Fidèle à moi-même, j’ai plutôt cherché la métaphore, comme si, le temps de la ligne orange, j’allais être frappée par une grande vérité sur le sens de la vie. En même temps, plus on s’ouvre aux images, moins on en finit de s’étonner du nombre de miroirs autour de nous.

Je me regardais danser sur l’autre train en me demandant si l’allégorie n’était pas dans le décalage entre ce qu’on croit projeter et ce que les autres voient réellement. Ou encore dans l’impression qu’on a parfois d’être immuable malgré le temps qui roule d’une station à l’autre. Y’avait une couple de parallèles à faire, et j’allais sûrement trouver l’angle avant d’arriver à Jean-Talon. J’ai repensé à une citation de Kurt Vonnegut que j’avais voulu partager récemment : We are what we pretend to be, so we must be careful about what we pretend to be. J’ai choisi de laisser un auteur beaucoup plus brillant que moi expliquer ma première hypothèse, et je me suis penchée sur la deuxième.

Est-ce qu’on n’a pas souvent la certitude d’avoir la même tête depuis tout le temps, alors qu’au-dessus d’un café, face à nos versions moins finies, on s’empresserait de demander l’addition? Dans ce cas, qu’est-ce que je conseillerais à la personne que j’étais il y a deux décennies? Pas grand-chose, à part peut-être de ne pas manger de Wendy’s avant d’aller voir Velvet Goldmine à l’Égyptien en 98, à moins de vraiment tenir à vivre un violent empoisonnement alimentaire et se vider dans une bassine pendant toute une nuit à l’urgence de l’hôpital Général.

Je me suis dit qu’empêcher notre tête de débutant de faire les erreurs à suivre ne mènerait pas à qui on est aujourd’hui — en supposant qu’on est en paix avec ce qu’on est, et qu’on n’écrit pas un billet de blogue assis à la bibliothèque d’une prison des Laurentides. C’est correct d’aimer son chemin. Même les carrefours où on aurait dû choisir l’autre droite, ou ceux où on s’est fait rentrer solide dans l’aile. Les autoroutes à huit voies sur lesquelles on s’est embarqué par erreur, mais où on a roulé en malade avec le toit ouvert en blastant Queens of the Stone Age avec le feeling immense d’être immortel.
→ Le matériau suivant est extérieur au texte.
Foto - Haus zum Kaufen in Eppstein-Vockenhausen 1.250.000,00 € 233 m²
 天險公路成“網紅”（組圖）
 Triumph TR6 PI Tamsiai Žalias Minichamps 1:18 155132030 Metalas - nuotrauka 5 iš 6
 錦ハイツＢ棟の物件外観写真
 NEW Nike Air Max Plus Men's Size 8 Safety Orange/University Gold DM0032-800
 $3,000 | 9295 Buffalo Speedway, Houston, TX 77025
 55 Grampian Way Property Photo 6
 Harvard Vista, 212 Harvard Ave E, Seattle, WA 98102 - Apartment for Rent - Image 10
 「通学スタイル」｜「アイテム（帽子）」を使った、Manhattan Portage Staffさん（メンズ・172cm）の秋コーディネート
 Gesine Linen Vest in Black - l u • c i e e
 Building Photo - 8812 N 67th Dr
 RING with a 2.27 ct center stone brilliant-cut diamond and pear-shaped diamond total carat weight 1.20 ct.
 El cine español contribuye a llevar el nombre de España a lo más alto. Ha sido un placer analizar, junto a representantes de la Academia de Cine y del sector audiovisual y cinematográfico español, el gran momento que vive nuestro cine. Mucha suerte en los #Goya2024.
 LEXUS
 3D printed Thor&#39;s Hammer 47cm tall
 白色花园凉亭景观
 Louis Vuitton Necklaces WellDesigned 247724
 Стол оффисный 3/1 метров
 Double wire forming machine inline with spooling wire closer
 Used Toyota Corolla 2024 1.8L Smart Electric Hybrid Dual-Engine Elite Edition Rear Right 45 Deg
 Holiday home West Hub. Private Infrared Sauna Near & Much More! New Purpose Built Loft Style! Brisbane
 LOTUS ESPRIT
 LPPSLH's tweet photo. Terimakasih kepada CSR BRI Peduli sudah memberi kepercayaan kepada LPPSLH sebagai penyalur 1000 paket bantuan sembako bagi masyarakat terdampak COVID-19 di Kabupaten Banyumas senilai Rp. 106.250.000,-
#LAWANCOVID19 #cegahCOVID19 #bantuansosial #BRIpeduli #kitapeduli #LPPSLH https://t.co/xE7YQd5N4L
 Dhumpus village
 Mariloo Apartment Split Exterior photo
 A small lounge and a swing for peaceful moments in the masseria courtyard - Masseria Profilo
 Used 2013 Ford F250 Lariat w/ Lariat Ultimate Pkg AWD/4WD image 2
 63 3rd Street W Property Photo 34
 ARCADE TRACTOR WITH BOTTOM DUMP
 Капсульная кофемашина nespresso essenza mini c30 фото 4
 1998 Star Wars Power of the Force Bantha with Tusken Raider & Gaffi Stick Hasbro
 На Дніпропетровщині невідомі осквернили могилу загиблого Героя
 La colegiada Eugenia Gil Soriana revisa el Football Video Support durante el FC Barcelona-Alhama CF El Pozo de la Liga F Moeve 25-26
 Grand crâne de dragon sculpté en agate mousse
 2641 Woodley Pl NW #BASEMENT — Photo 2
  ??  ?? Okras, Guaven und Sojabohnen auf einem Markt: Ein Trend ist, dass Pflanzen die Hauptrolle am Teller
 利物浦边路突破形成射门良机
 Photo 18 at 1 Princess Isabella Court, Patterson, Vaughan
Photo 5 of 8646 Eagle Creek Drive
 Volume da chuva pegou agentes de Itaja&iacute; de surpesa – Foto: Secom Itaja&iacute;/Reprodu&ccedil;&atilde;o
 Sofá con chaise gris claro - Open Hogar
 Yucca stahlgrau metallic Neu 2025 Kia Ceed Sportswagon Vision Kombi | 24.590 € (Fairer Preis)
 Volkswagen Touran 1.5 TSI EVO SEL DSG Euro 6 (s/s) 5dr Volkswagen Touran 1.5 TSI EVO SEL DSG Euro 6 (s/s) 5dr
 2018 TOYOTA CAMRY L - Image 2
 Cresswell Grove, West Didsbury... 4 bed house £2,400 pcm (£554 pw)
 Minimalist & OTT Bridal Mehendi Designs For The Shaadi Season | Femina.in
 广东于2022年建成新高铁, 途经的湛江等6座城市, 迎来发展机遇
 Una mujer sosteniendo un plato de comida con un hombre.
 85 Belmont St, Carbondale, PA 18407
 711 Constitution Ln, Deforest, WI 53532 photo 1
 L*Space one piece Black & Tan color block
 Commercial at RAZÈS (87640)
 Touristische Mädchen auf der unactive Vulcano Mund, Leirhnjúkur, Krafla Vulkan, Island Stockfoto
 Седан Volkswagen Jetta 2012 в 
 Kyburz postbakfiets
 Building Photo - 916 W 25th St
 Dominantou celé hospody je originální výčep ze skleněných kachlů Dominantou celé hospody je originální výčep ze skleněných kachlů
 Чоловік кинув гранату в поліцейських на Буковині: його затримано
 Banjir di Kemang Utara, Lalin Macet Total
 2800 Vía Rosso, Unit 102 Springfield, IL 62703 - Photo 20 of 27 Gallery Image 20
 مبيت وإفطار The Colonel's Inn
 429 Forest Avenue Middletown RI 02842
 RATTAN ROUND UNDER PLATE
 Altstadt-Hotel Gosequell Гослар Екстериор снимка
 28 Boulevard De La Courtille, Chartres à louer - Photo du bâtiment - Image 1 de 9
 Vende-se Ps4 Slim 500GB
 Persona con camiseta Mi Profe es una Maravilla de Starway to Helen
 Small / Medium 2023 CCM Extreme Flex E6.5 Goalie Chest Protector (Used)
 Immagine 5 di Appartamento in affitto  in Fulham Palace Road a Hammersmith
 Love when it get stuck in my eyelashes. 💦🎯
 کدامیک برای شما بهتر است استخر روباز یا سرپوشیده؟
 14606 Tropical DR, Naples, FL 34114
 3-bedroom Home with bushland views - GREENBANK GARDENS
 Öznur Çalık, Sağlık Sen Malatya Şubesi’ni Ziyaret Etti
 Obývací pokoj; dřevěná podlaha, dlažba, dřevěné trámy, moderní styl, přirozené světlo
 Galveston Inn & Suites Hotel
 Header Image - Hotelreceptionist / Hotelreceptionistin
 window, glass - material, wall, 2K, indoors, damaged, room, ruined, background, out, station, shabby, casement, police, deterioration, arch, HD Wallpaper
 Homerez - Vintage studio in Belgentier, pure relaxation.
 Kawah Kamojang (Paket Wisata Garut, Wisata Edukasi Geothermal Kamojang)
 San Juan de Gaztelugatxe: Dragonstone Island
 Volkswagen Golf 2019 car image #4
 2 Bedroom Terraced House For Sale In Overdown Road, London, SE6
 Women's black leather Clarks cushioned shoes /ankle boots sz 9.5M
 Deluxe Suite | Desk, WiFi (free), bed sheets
Ou les mauvaises sorties desquelles on garde au moins un souvenir de paysages presque beaux à brailler. C’est correct de ne pas vouloir aller valser du côté des regrets, même si c’est juste sur une vitre de wagon de train.

J’étais là dans mes pensées, dans les clichés jusqu’aux écouteurs, tandis que l’homme à côté de moi tournait les pages de La Presse avec arrogance et l’air de se dire que le mot « commun » dans « transport en commun » était superflu. Mes cheveux servaient d’accotoir à la section Sports et aussitôt que j’aurais du réseau, j’appellerais 1997 pour qu’elle revienne chercher son passager mésadapté. Parce que quissé qui se déplie encore le gros journal rectangle debout contre un poteau? Avant de le renvoyer dans le passé, je lui demanderais ce qu’il pensait de cette citation élimée sur l’importance du voyage et non de la destination. Juste pour voir s’il gagnerait des points là, ou encore le droit de rester en 2014.

Jean-Talon. Jean-Talon. Jean-Talon. Comme le voyage était moyennement plaisant, moi je faisais mentir le dicton : je visais ma destination et un verre de vin pour reposer ma section Vivre. J’ai accroché le regard de la femme à ma gauche pendant que je fixais le mur à travers son reflet, qui s’est mis à bouger quand on a croisé à nouveau un métro. Parce qu’elle m’a souri, je lui ai souhaité que sa réflexion à elle ne s’agite pas non plus dans le regret et je suis sortie en accrochant le journal du monsieur par exprès.